The evidence we use to develop our environmental land management schemes

The evidence we use to develop our environmental land management schemes

Written by Dr Anchen Kehler

A patchwork of fields including sheep and cows taken in the Cotswolds, Gloucestershire.

Credit: Kumweni


We’re committed to ensuring that the policies underpinning our environmental land management schemes are based on the very latest and best possible evidence.

By using quality evidence, we can deliver value for money, meet our environmental targets & climate commitments, maintain food production and support resilient rural communities.

Bringing together the latest scientific literature and practitioner data is vital.

One evidence source is the recently published qualitative environmental impact assessment (QEIA). In this post I’ll give an overview.

The purpose of the QEIA was to understand the impact of environmental land management actions on agricultural land in England.

This project assessed the impacts of 741 potential land management actions on land-based environmental targets and climate commitments.

We used 53 relevant environmental and cultural service indicators, such as reduced emissions of ammonia.

The project, led by the UK Centre for Ecology & Hydrology (UKCEH) drew on the expertise of a consortium of around 45 people.

Together, they produced 10 evidence reviews containing over 1,000 pages of evidence and over 2,400 studies were referenced.

These reviews covered important environmental themes such as soil health and air quality and looked at a range of topics, including whether an action should be spatially targeted to deliver benefits to the objectives.

The evidence reviews then informed an integrated assessment. This comprised expert-derived qualitative impact scores for each land management action.

This assessment was important to:

  • understand which environmental land management actions would contribute towards the delivery of land-based environmental targets and climate commitments relevant to farming, including any negative effects on food production
  • feed into value for money assessments, allowing for appraisal of land management actions and environmental land management schemes
  • allow comparison across land management actions and therefore, provide policy with a greater understanding of the full impact of such actions.

The QEIA sits within a wider evidence base from which we’ve drawn scheme content.

This includes (but is not limited to): agri-environment schemes, monitoring and evaluation projects; Countryside Stewardship (CS) and Environmental Stewardship (ES) impact assessments and feasibility studies.

Together, this evidence helps to build a picture of which actions should be considered for our environmental land management schemes.

The QEIA also sits within the context of some of the longer-term work underway to inform our schemes.

The Environmental Valuation Assessment Scenario Tool (EVAST) is one such project.

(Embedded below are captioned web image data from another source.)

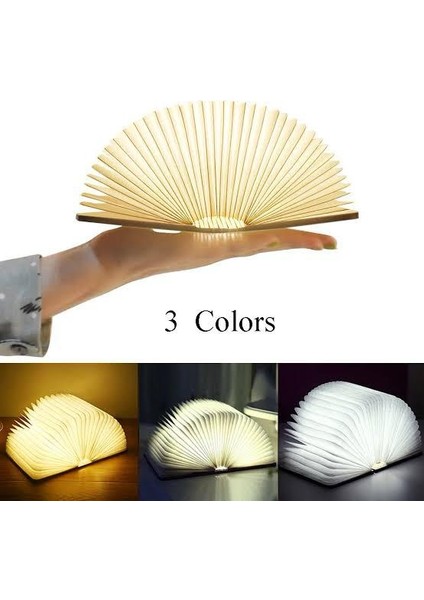 3D Katlanabilir Not Defteri Şeklinde LED Işıklı Masa Lambası Ahşap Şarj Edilebilir Gece Lambası fiyatları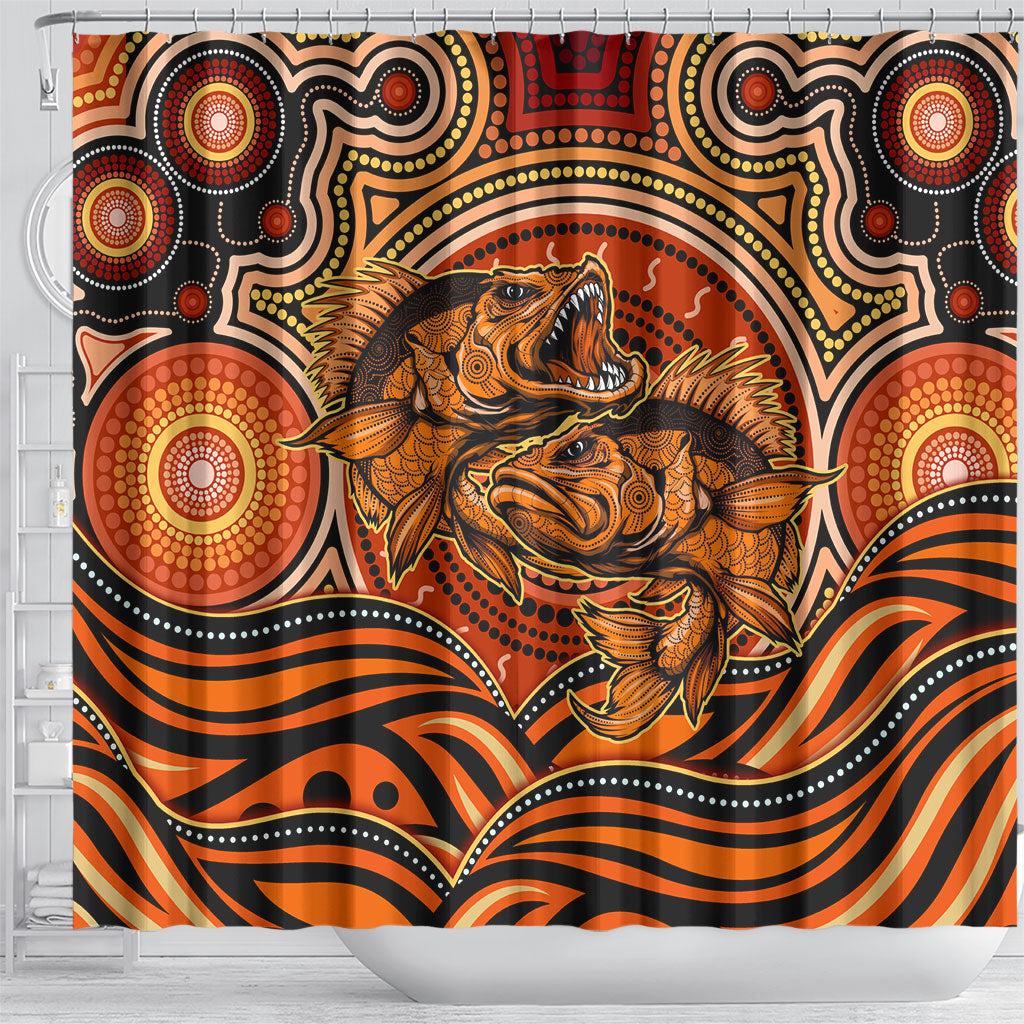 Barramundi Fish Shower Curtain Aboriginal Dot Art Indigenous Pattern
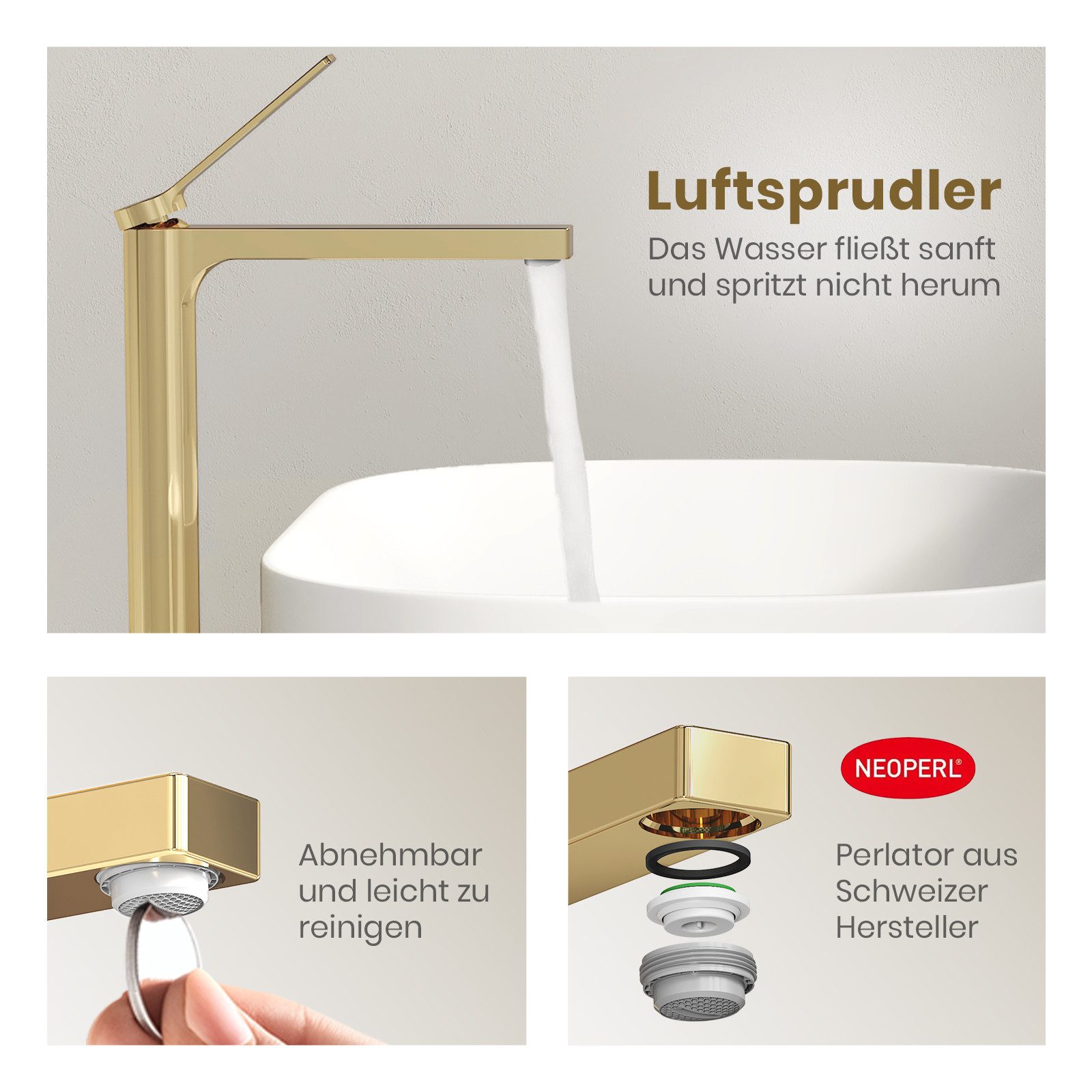EMKE Waschtischarmatur Bad Wasserhahn aus Kupfer günstig online kaufen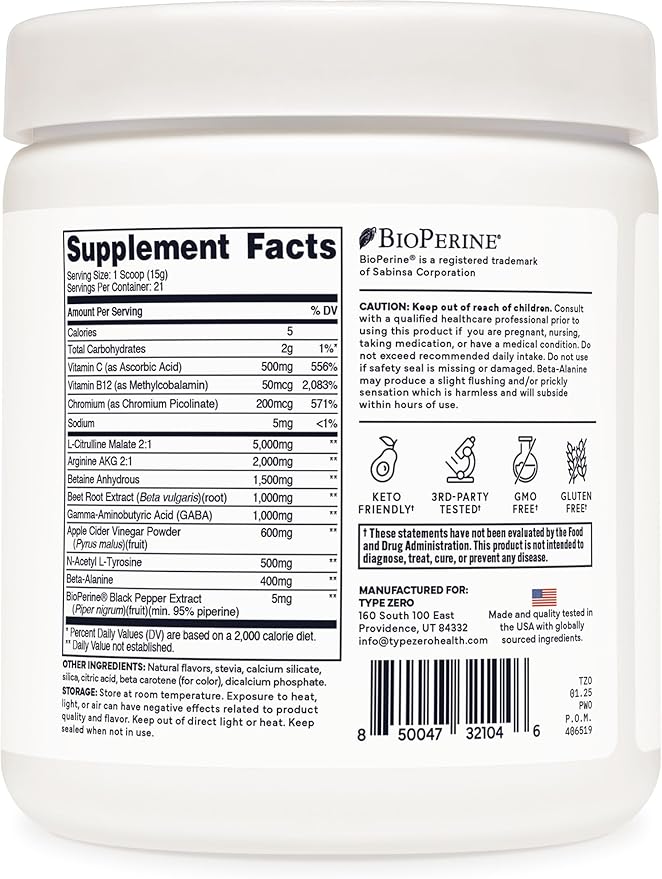 Type Zero Ultra Clean Stim Free Pump Pre Workout (Pineapple Orange Mango) Beetroot, Arginine, Citrulline Malate, Betaine, Beta A, ACV+ Sugar/Caffeine Free Non Stim Preworkout Men & Women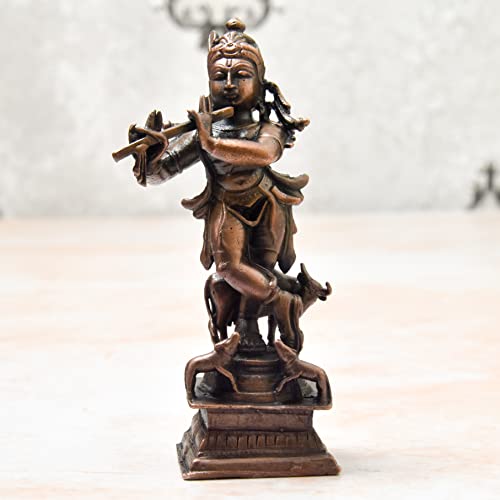 Copper Idols India - By Bhimonee Decor , 4 inches, Handmade Copper Cow Krishna Idol, 210 Grams , Patina Antique Finish , Pack of 1 Piece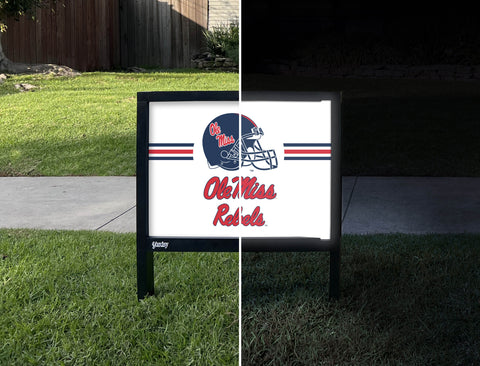 Mississippi Ole Miss Rebels Helmet White Yardsy Sign - Day Night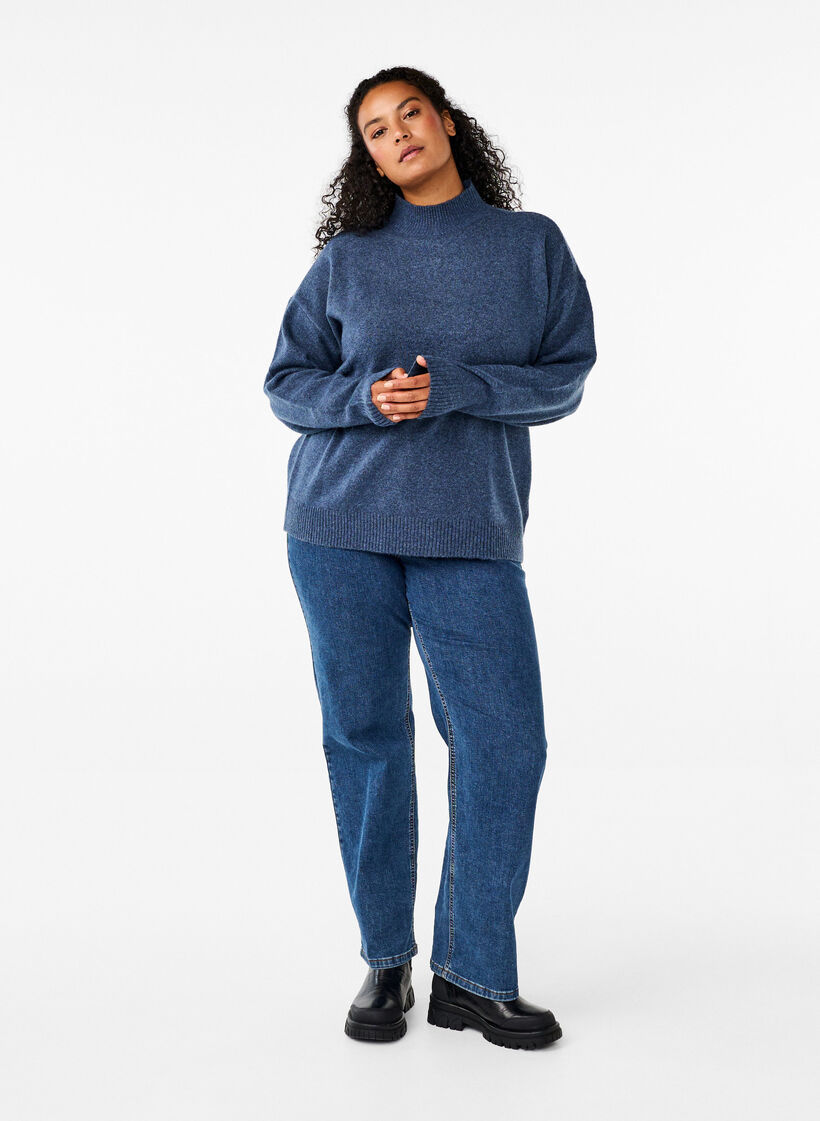 Gestrickte Wollbluse mit hohem Kragen, Bering Sea Mel., Model image number 2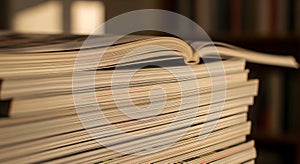 Stack of Magazines with Open Issue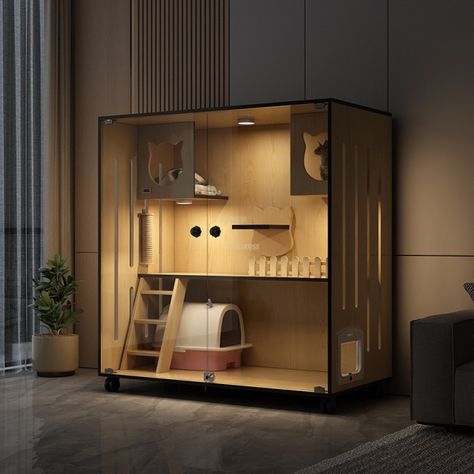 € 430,32 -20％ | Luxury Solid Wood Cat Cages Transparent Glass Cat Villa Indoor Panoramic Cat House Large Cat Litter Home Waterproof Cat Cabinet Cat Indoor House, Cat Wooden House, Cat House Design Ideas, Cat House Ideas Indoor, Cat House Indoor Ideas, Cat Cabinet Ideas, Cat Habitat Indoor, Cat Cage Ideas Indoor, Cat Hotel Design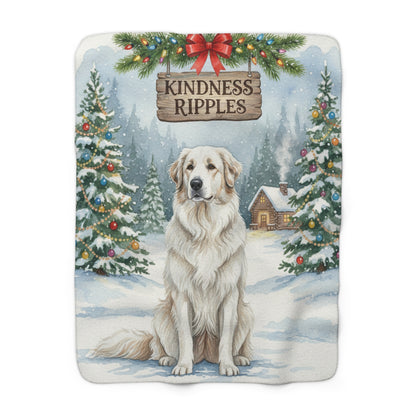 Sweet Great Pyrenees Sherpa Blanket — 'Kindness Ripples' Holiday Throw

EVAST is a Defra-funded integrated modelling tool that is under development (with the first stage still due for completion) by a UKCEH-led consortium including Forest Research, eftec, ADAS, Cranfield University and the British Trust for Ornithology.

It is an ambitious undertaking that uses a specialised chain of coupled models driven by field-level data and covering a national scale.

EVAST estimates the biodiversity, carbon, water quality and air quality benefits, and their associated monetary values that could be achieved through environmental land management schemes.

Designed to support our decision making, the EVAST approach is deliberately cross-sectoral and scenario-driven. It highlights interactions, trade-offs and unintended consequences of land management decisions.

Each EVAST scenario is co-developed with Defra and helps to build a picture of the different ways environmental land management can contribute to England’s land-based environmental targets and climate commitments.

While we have an active programme of research to make predictions to inform scheme content, we are also building a programme by which to monitor and evaluate them.

In early-stage development, and as part of a multi-year programme, the Environmental Research Collaboration for England (ERCE) is an important project in this space.

It will develop innovative, proof-of-concept solutions to challenges in monitoring our environment, with a focus on accelerating integration of new technologies into Defra business processes.

ERCE will also help us explore and assess which tools are best placed to support our land managers in delivering environmental outcomes. The monitoring and evaluation programme will provide real-world data to complement and validate our early assessments.